Картошку купил сосед. Я слышала, как они разговаривали с мамой, когда ни досок уже не было, ни сеток, только в углу сиротливо стояло ведёрко.

– Но здесь больше, здесь много денег!

– В дороге тебе много не покажется. Детей береги.

– Да, да…

– А может, останешься? Куда ты, неразумная, в зиму, в голод? И картошки бы хватило, и дрова есть, куда ты с малыми детьми?

– Домой.

– Ну, дай вам Бог, дай вам Бог добраться.

На каждой пересадке мы с Вовкой сидим на вещах. Вещи уменьшаются – уже нет узла в маминой шали, и самой шали нет, выменяли на продукты.

Мы сидим то у розовой вокзальной стены, то в огромном здании вокзала с куполом, как в церкви, но купол разрушен, и видно небо.

Стоим на перроне, мама раскрывает чемодан, достаёт пачку махорки.

– Мам, ты что, куришь?

– Нет, конечно.

– А зачем тебе табак?



– Так надо, не задавай вопросов, когда человеку не до тебя. Ведёшь себя, как ребёнок. Подождите меня здесь.

Мы стоим, а люди тащат вещи мимо нас. Но вот мама бежит по перрону с плотным железнодорожником.

– Скорее, скорее, пойдёмте!

– Девочка, держись за мой рукав, сейчас поезд тронется!

И мы бежим, мама с Вовкой на руках и чемоданом, железнодорожник с двумя чемоданами, я с тяжёлой сумкой, а поезд уже шевелится и фыркает белым паром.

Первый раз едем не в теплушке. Поезд идёт днём и ночью, мы спим втроём на нижней полке, и мама повторяет:

– Это счастье, что мы едем, сейчас так трудно, просто невозможно уехать, это счастье, что мы едем домой!

Мне кажется, мы вернулись в Ростов, когда развалины ещё дымились и были тёплыми на ощупь. Сколько раз наше возвращение проплывало у меня перед глазами! Может, наша память и есть кинолента, замкнутая в круг?

Мы сидим с Вовкой на чемоданах посреди вокзальной площади. Мама пошла за тачечником. Она долго не возвращается, но мы ждём терпеливо, мы привыкли. И Вовка в свои четыре года не думает капризничать, сидит и смотрит куда-то далеко своими круглыми карими глазами.

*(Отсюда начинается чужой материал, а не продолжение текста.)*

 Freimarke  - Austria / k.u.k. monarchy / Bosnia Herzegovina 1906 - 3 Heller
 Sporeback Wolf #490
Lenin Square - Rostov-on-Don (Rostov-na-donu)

Я должна стеречь вещи, смотреть неотрывно на два больших чемодана и один чёрный, маленький. Мама сказала:

– Будь внимательней, это всё, что у нас осталось.

И вдруг подходит женщина, самая обыкновенная женщина, и берёт крайний чёрный чемодан.

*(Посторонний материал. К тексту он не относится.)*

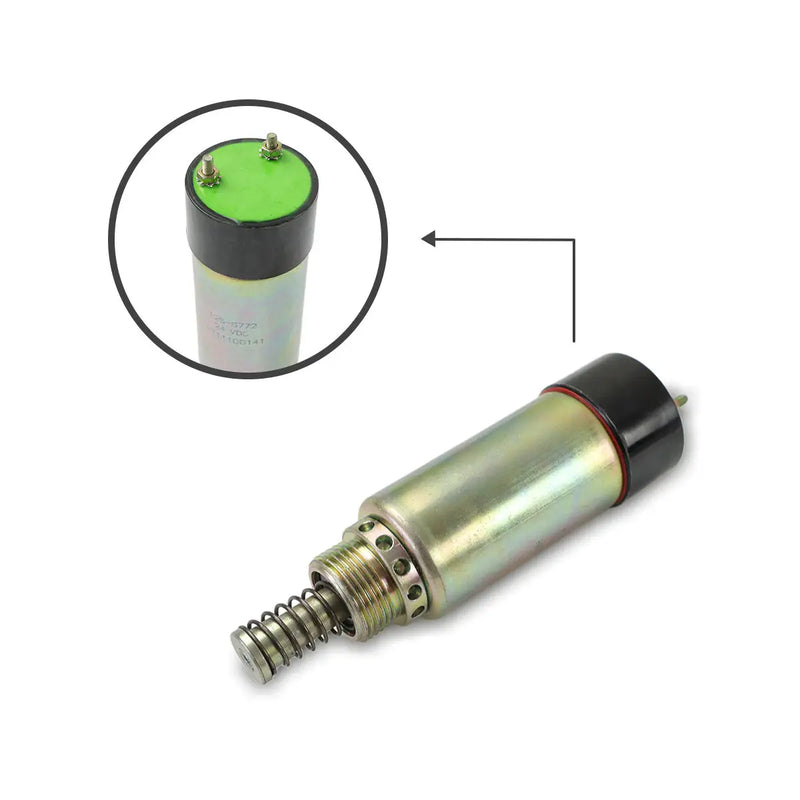 Load image into Gallery viewer, Stop Solenoid 125-5772 For Caterpillar 3114 3116 3126 Engine 24V from MyMROmarts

– Не трогайте, не берите! – кричу я, а она уходит с нашим чемоданом спокойно и медленно, я даже не могу бежать за ней, только плачу и кричу:

– Чемодан украли!

Мама пробирается сквозь толпу, она думает, наверно, что с нами случилось что-то ужасное.

Мы целы, только ревём оба, а тётки с нашим чемоданом нет и в помине.

– Там были все детские вещи. Какие люди, Господи! Так пользоваться человеческим горем…

Вовка у мамы на руках успокаивается сразу, а я всю дорогу плачу – ведь видела, всё видела и не могла остановить.

Мы идём в горку медленно – мама с Вовкой на руках, тачечник с двумя чемоданами на просторной тачке и я. Идём от вокзала по главной улице, и нет ни одного неразрушенного здания вокруг. Обгорелый кирпич, разноцветные стены внутри, голубые, розовые, жёлтые…

Поворачиваем на проспект, и здесь все дома разрушены. Мне кажется, мамины знакомые ошиблись и нашего дома тоже нет. Как может остаться один дом среди сплошных развалин? Таких чудес не бывает.

Мы все молчим – и мама, и Вовка, и я, и тачечник. Но вот поворачиваем на тихую нашу улицу, и я вижу первые дома, не искорёженные войной. Вот он, наш дом в глубине двора, целёхонький, только шальной снаряд влетел откуда-то сбоку, обрушил угол на первом этаже. Его заложили кирпичом с развалин, и он похож на латку. А наш, второй, миновало!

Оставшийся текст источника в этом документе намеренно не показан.